3. Language Directives

This chapter describes the OmpSs-2 language, this is, all the necessary elements to understand how an OmpSs-2 application executes and/or behaves in a parallel architecture. OmpSs-2 provides a simple path for users already familiarized with the OpenMP programming model to easily write (or port) their programs to OmpSs-2.

This description is completely guided by the list of OmpSs-2 directives. In each of the following sections we will find a short description of the directive, its specific syntax, the list of clauses (including the list of valid parameters for each clause and a short description for them). In addition, each section finalizes with a simple example showing how this directive can be used in a valid OmpSs-2 program.

As is the case of OpenMP in C and C++, OmpSs-2 directives are specified using the #pragma mechanism (provided by the base language) and in Fortran they are specified using special comments that are identified by a unique sentinel. The sentinel used in OmpSs-2 is oss. Compilers will typically ignore OmpSs-2 directives if support is disabled or not provided.

C/C++ format:

#pragma oss directive-name [clause[ [,] clause] ... ] new-line

Fortran format:

sentinel directive-name [clause[ [,] clause]...]

Where depend on Fortran fixed/free form:

  • The sentinels for fixed form can be: !$oss, c$oss or *$oss. Sentinels must start in column 1. Continued directive line must have a character other than a space or a zero in column 6.

  • The sentinel for free form must be !$oss. This sentinel can appear in any column as long as is not preceeded by any character different than space. Continued directive line must have an ampersand (&).

3.1. Task construct

The programmer can specify a task using the task construct. This construct can appear inside any code block of the program, which will mark the following statement as a task.

The syntax of the task construct is the following:

#pragma oss task [clauses]
structured-block

The valid clauses for the task construct are:

  • private(<list>)

  • firstprivate(<list>)

  • shared(<list>)

  • depend(<type>: <memory-reference-list>)

  • <depend-type>(<memory-reference-list>)

  • reduction(<operator>:<memory-reference-list>)

  • priority(<expression>)

  • cost(<expression>)

  • if(<scalar-expression>)

  • final(<scalar-expression>)

  • wait

  • onready(<statement>)

  • label(<string>)

  • create(<scalar-expression>)

The private, firstprivate and shared clauses allow to specify the data sharing attribute of the variables referenced in the construct. A description of these clauses can be found in Data sharing attributes section.

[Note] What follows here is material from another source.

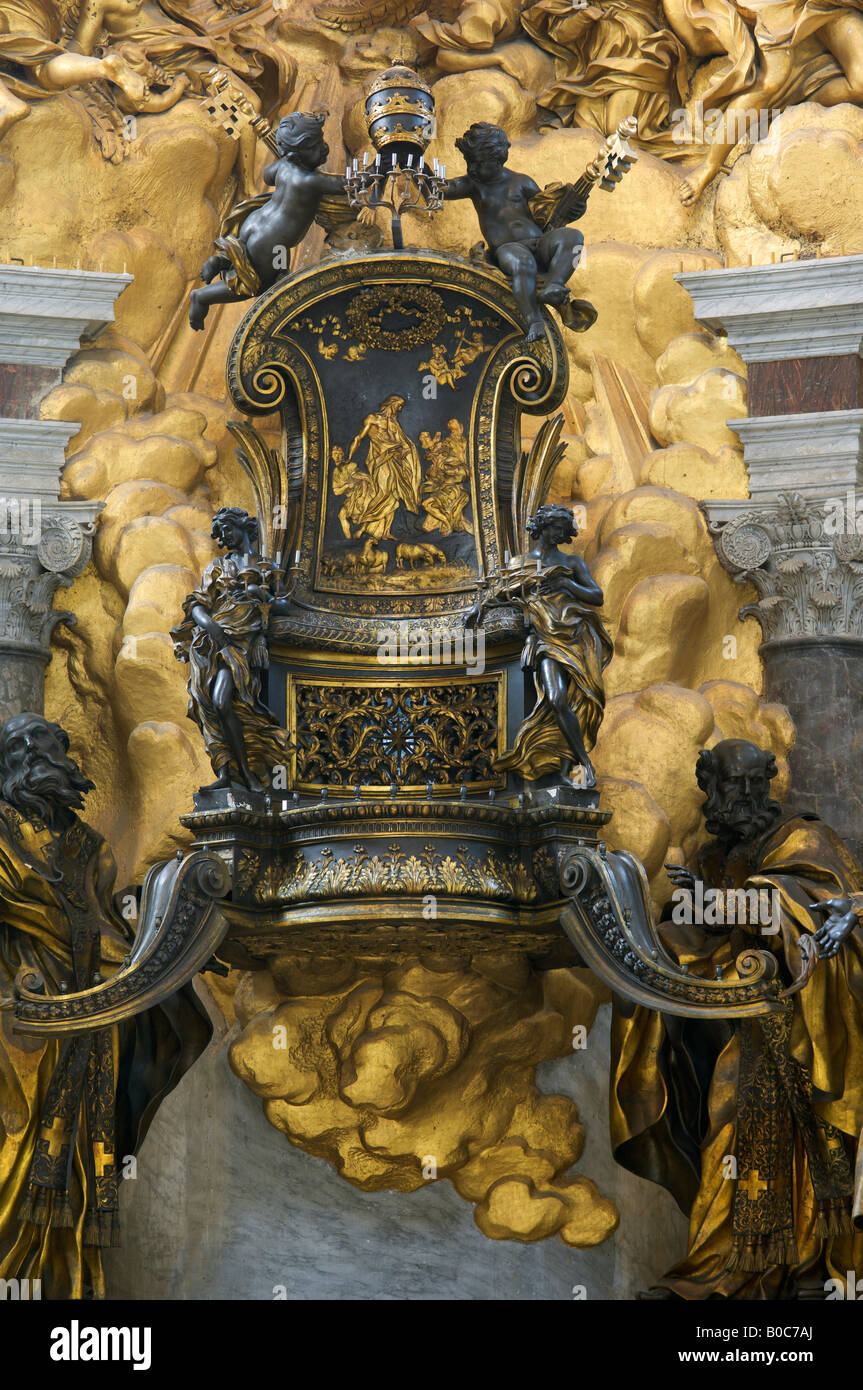 Thron für den Papst in der Basilika St. Peter in Rom Stockfoto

The depend clause allows to infer additional task scheduling restrictions from the parameters it defines. These restrictions are known as dependences. The syntax of the depend clause include a dependence type, followed by colon and its associated list items. The list of valid type of dependences are defined in section Dependence model in the previous chapter. In addition to this syntax, OmpSs-2 allows to specify this information using the type of dependence as the name of the clause. Then, the following code:

#pragma oss task depend(in: a,b,c) depend(out: d)

Is equivalent to this one:

#pragma oss task in(a,b,c) out(d)

The reduction clause allows to define the task as a participant of a reduction operation. The first occurrence of a participating task defines the begin of the scope for the reduction. The end of the scope is implicitly ended by a taskwait or a dependence over the memory-reference-item. More information about task reductions on OmpSs-2 at the following Master Thesis: https://upcommons.upc.edu/handle/2117/129246.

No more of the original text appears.